TASK PROMPT: For this exercise, an exact copy is needed of only the lines from the one containing "There's a product" through the end of the data, with pictures left out.

SOURCE DATA:
-*-*-

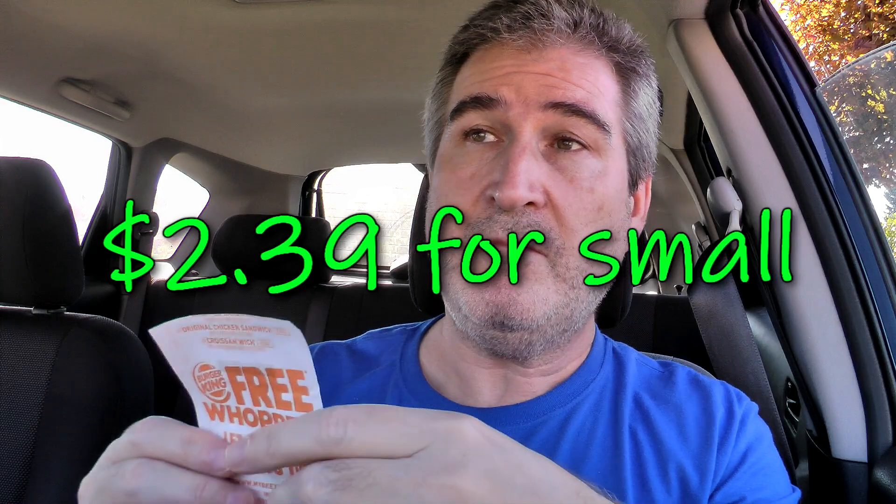If you're going to get a dip for the onion rings, I would avoid the ranch and grab something else. The damage on the Burger King onion rings — a small — will run you $2.39. I guess that's okay.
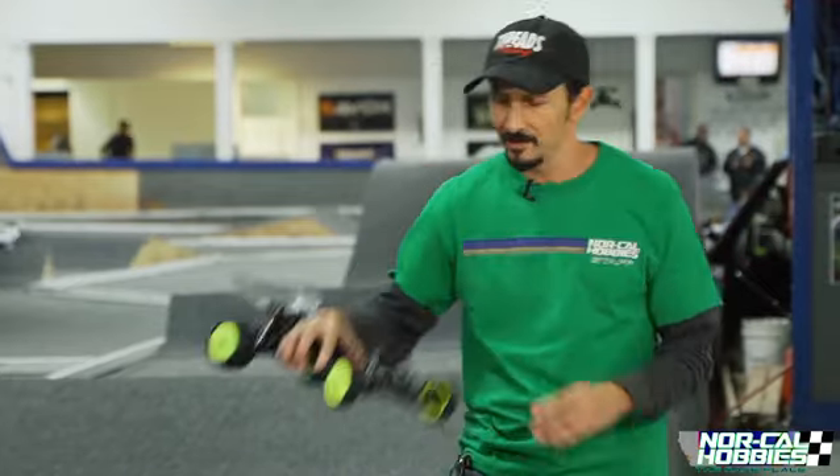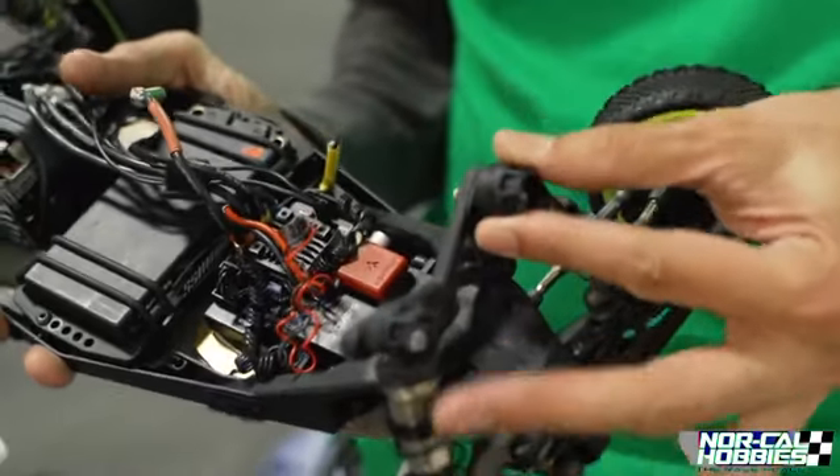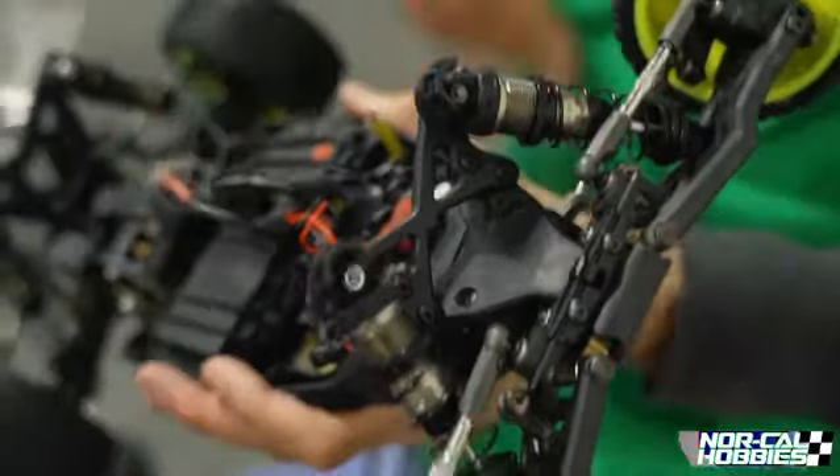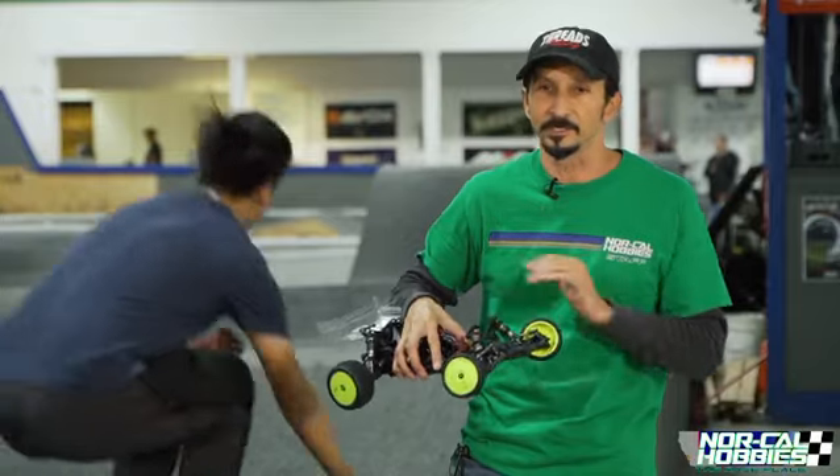There's a product available from Arma for their 6S cars, adapted by Dean Rawlinson. They're $4 for a set of four, so that's enough to do four shocks. A really easy way to keep our track lasting as long as possible in as good a condition as possible.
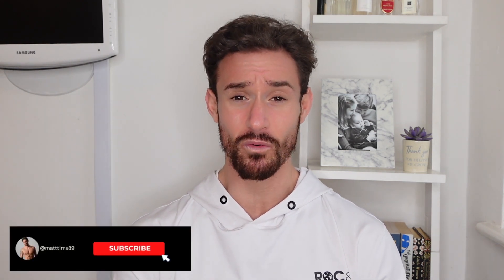I hope you found the video useful and if you did then please give it a thumbs up and subscribe to the channel and I'll catch you guys in the next one.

-*-*-

RESPONSE TO THE TASK:
There's a product available from Arma for their 6S cars, adapted by Dean Rawlinson. They're $4 for a set of four, so that's enough to do four shocks. A really easy way to keep our track lasting as long as possible in as good a condition as possible.
I hope you found the video useful and if you did then please give it a thumbs up and subscribe to the channel and I'll catch you guys in the next one.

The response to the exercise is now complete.